The bar code’s days are numbered
TORONTO — When fans score tickets for events at the Burton Cummings Theatre in Winnipeg in the future, they might notice the absence of a familiar feature.
The theatre’s operator, True North Sports and Entertainment, is testing a new Ticketmaster system that gives venues the option to omit bar codes that would usually be scanned to validate a ticket’s authenticity.
It could be an early sign that the days of the bar code are numbered as technological improvements allow companies to replace them with more secure digital tickets with codes embedded in a fan’s phone or a Wi-Fi connected wristband that lets them track consumers for both security and data-collection purposes.
“The bar code’s going to go away,” Ticketmaster’s CEO Michael Rapino told a Goldman Sachs investor conference last fall.
His company has stayed fairly quiet about its experiments with ditching the bar code through Ticketmaster Presence — a program that allows venues to let fans scan e-tickets embedded with a digital token instead of a bar code and stored on their phone or smartwatch at selfservice terminals to gain entry to events.

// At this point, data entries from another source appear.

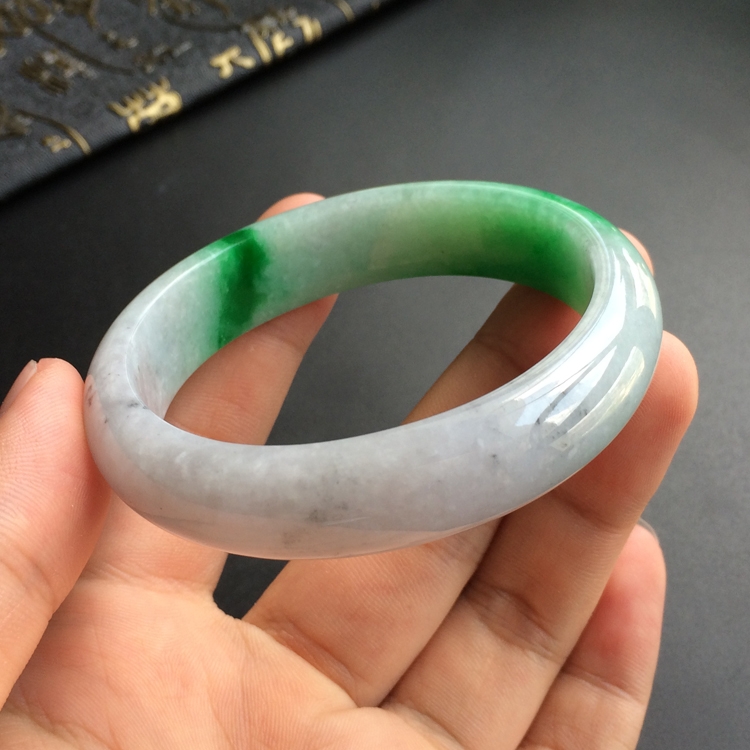 (超值推荐)糯冰种飘翠贵妃镯(54.2mm-47.6mm)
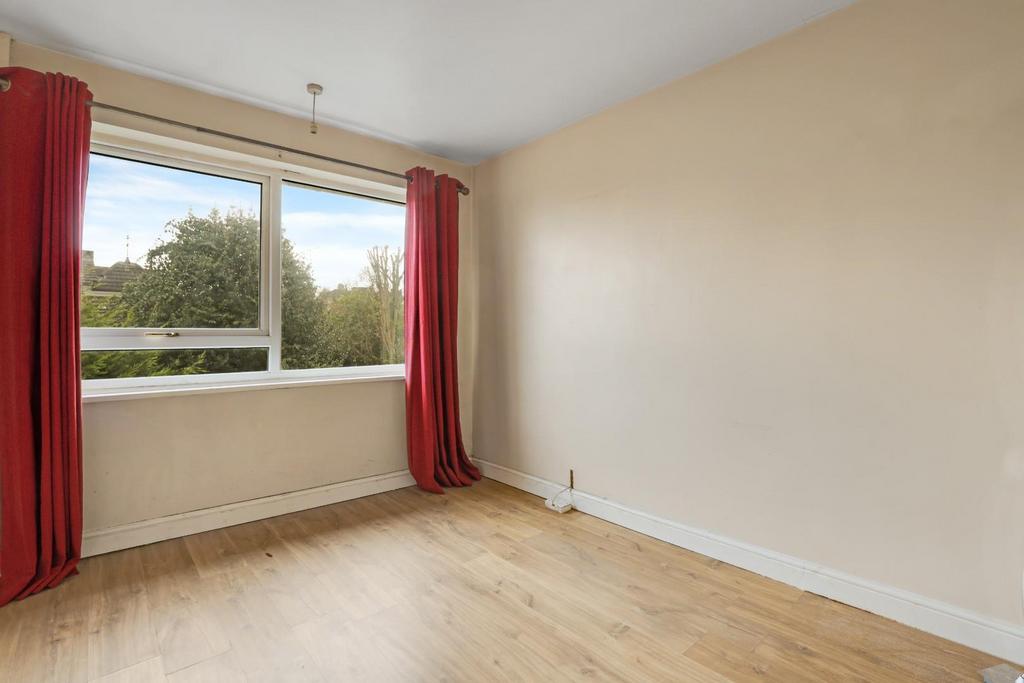 04-af74 JHProp World - 6 Thakeham Close - 34.jpg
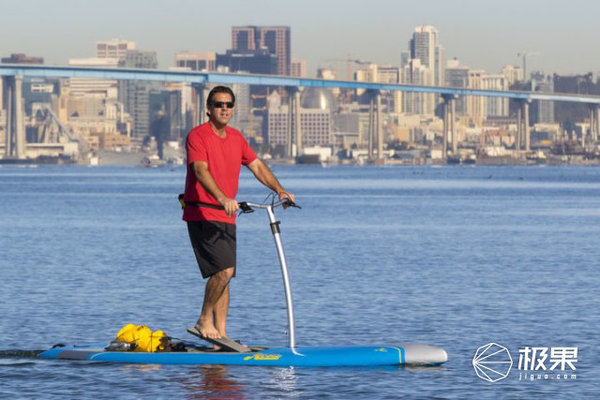 报码:【j2开奖】有了这只脚踏式水上滑板，零基础小白也能冲浪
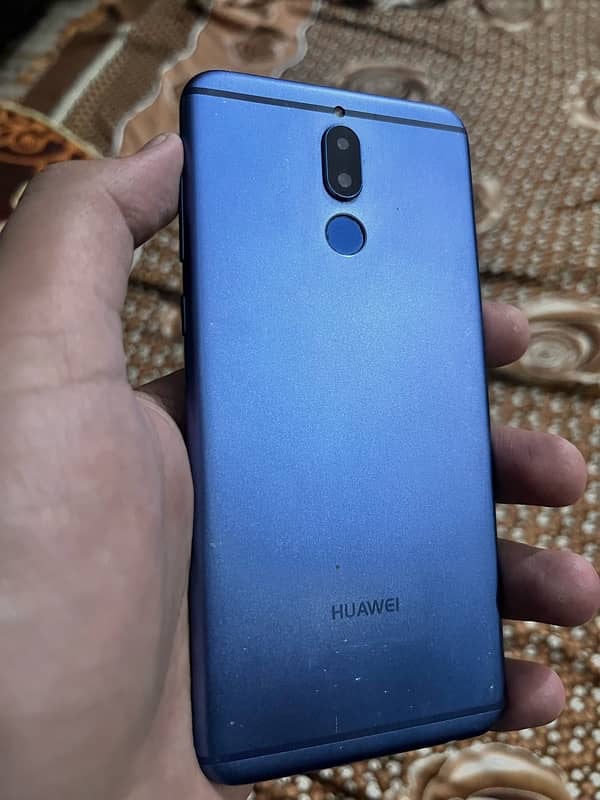 Huawei Mate 10 lite 0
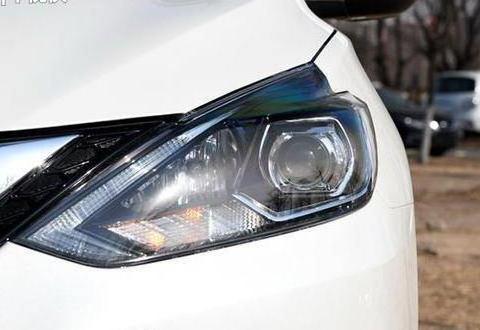 颜值不如卡罗拉，去年销量破40万辆，1.6L CVT省心省事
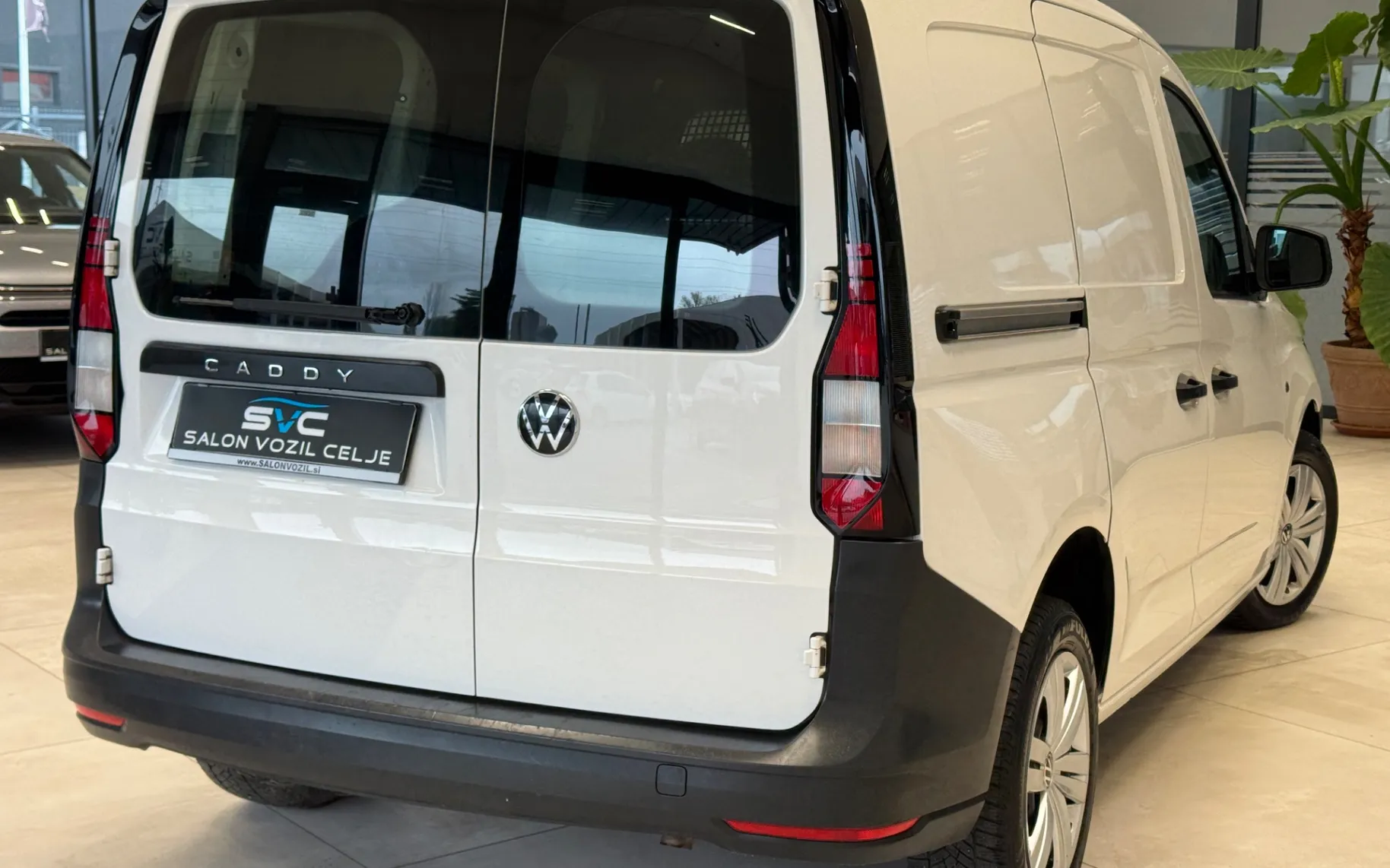 Zunanja slika - Volkswagen Caddy - 2.0TDI-102KM-TEMP-BLUETOOTH-43.000KM-1.LASTNIK - 4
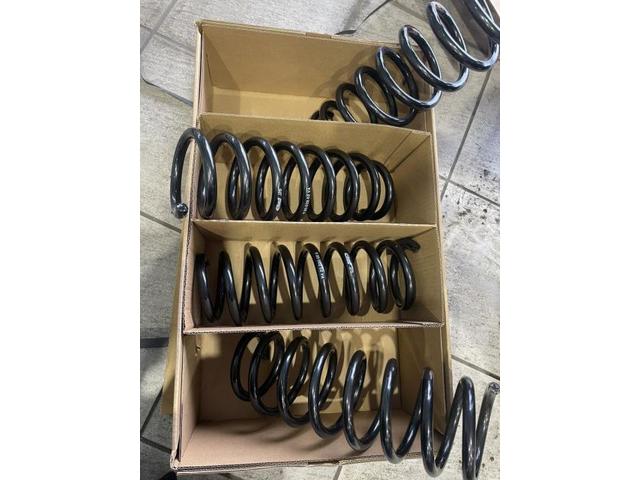 ＢＭＷ　３シリーズ　サスペンション・足回り修理・整備
車検のコバック和歌山湊店　和歌山市　海南市　紀の川市　岩出市　泉南市　阪南市 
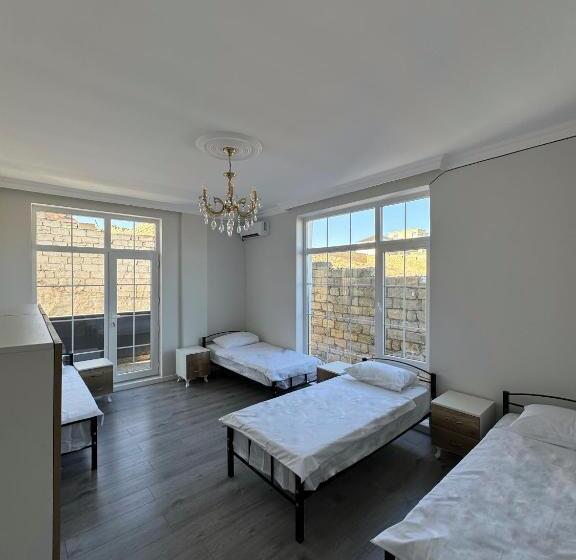 اتاق سوپریور چهار تخته, Premium Sea View Hotel & Hostel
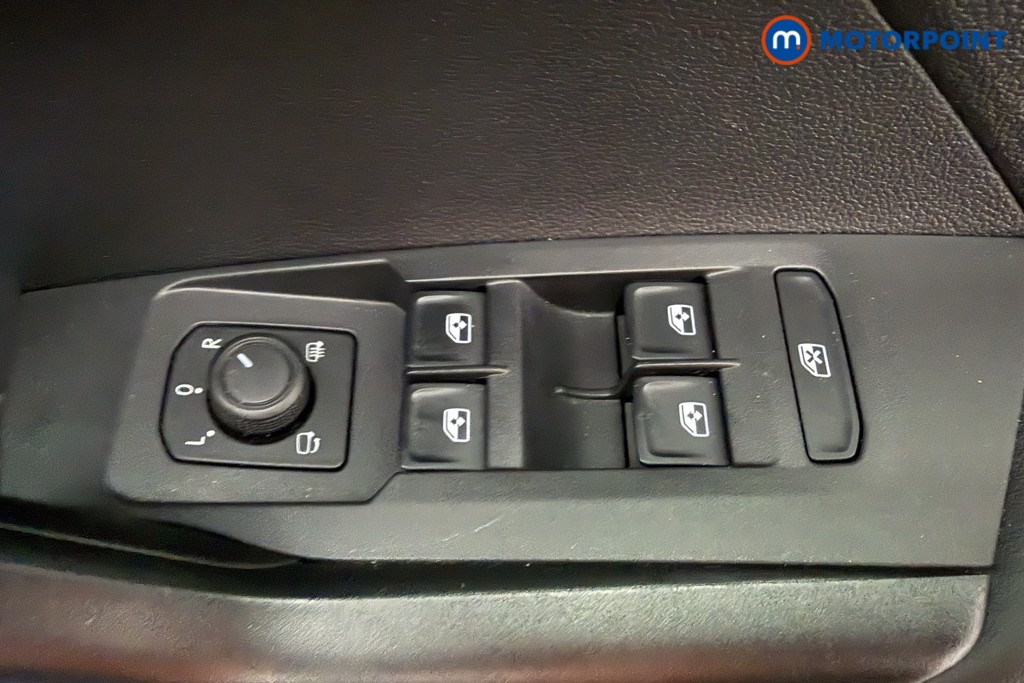 Volkswagen T-Cross Black Edition Automatic Petrol SUV - Stock Number (1629134) - 15th supplementary image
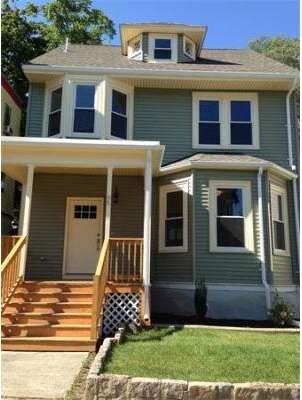 65 Mora St, Dorchester Center, MA 02124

Ticketmaster started pushing Presence amid its ongoing crusade against bots that buy up large portions of tickets within seconds after they go on sale fraudsters that dupe ticket buyers in the resale market by photocopying a ticket and reselling it.
Presence not only directs fans to the shortest lines or parking lots with the most empty spaces, but offers a sales and marketing edge because it gives Ticketmaster access to reams of data on eventgoers and their habits.